Wood made his comments before a Senate Energy and Natural Resources Committee hearing looking at electricity infrastructure issues.
Wood said that when it comes to assuring reasonable recovery to infrastructure investors, “that’s easier to guarantee on the regulated side, i.e., the pipelines and the transmission line side, than it is on the competitive side, which is the gas production, the power plants in particular.” He also noted that FERC is seeing the emergence of more at-risk transmission projects.
“I think the most important thing missing from the picture today that would be needed to ensure a reasonable recovery of investment in the competitive part, i.e. the gas production and power production segment, would be some steady and relatively dependable rules of the road,” he told the Senate hearing.
“There are no standard rules of the road now. I think we can, by having clear rules, reduce what we call regulatory risk quite a bit and I do hope that that’s what we can achieve by the proposed rulemaking that FERC will put out for comment next week and by the already released proposed rulemaking on hooking up of new power plants in the standard interconnection process.” FERC has placed the SMD NOPR on the agenda for its next regularly scheduled meeting on July 31.
Wood also articulated his hope that SMD gives greater clarity to energy market participants in an exchange he had with Sen. Jon Kyl (R-AZ).
Kyl asked Wood whether he’s concerned that the cumulative impact of a series of FERC-related actions will actually deter development of additional needed generation in the West. Kyl specifically mentioned the possible modification of western power contracts, price caps and broad refund provisions on market-based rate transactions in the West.
“I would definitely say that they do not help the situation,” Wood responded. “I wish I had come to a different state of facts than existed when we came a year ago, but the price caps, the contract hearings and the refunds, all that did emanate from a set of facts in late 2000, early 2001 that I think evinced a broken market or one that was pretty close to being broken that impacted not just Californians, but people across the West.”
The FERC chairman went on to say that “I would have loved to have never been down that path and, quite frankly, a big part of our standard rulemaking that we’re putting out next week is to make sure that we never do go down that path again, but have clear rules up front that tell people up front what their expectations are on both the customer and the supplier side.”
Meanwhile, Sen. Frank Murkowski (R-AK) expressed concerns over the parallel trends seen in certain U.S. power markets of increased demand coupled with a lack of new energy infrastructure being built. “Where’s the light at the end of the tunnel? Or do we even have a tunnel?” asked Murkowski.
“We’re in a tunnel. I would say certainly we’re in a tunnel,” Wood responded. “I think it is a long tunnel and I do think it’s important to understand that a lot of the expectations that underpinned the future for a number of investors in new power plants assumed a less robust market and higher prices than have actually come to bear.

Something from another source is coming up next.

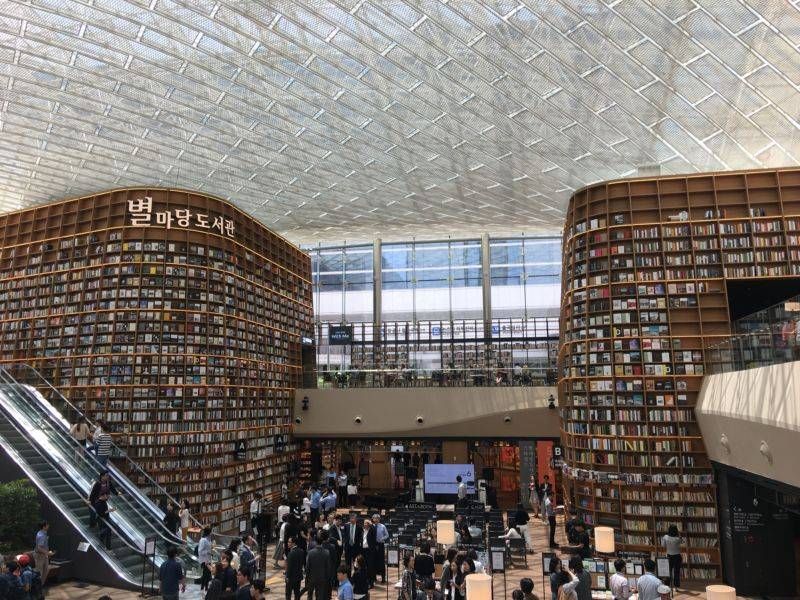 People browsing the walls of books at Seoul's new Starfield Library.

“I think it’s important to remember that there has actually been a lot of power plant construction across the country in the last three to four years. Not everywhere…but by and large, there has been a substantial amount of construction of power plants.” That surplus of power plants “has put significant downward pressure on future prices,” the chairman said.
“I think a lot of the expectations of investors in the current companies that are building power plants is that there would be a shortage in ’03 and ’04 and that the forward prices of power were going to be substantially higher than they are looking to be today,” Wood continued. “Of course, a big part of that has to do with the general economic slowdown in the country and the commensurate reduction of growth in power usage.”
But with an “extra bubble, as we saw in the gas industry after gas got opened up in the ’80s and ’90s, if there’s a big bubble there, prices do stay down. While that benefits customers, it does not help those who want to invest in the future,” Wood said.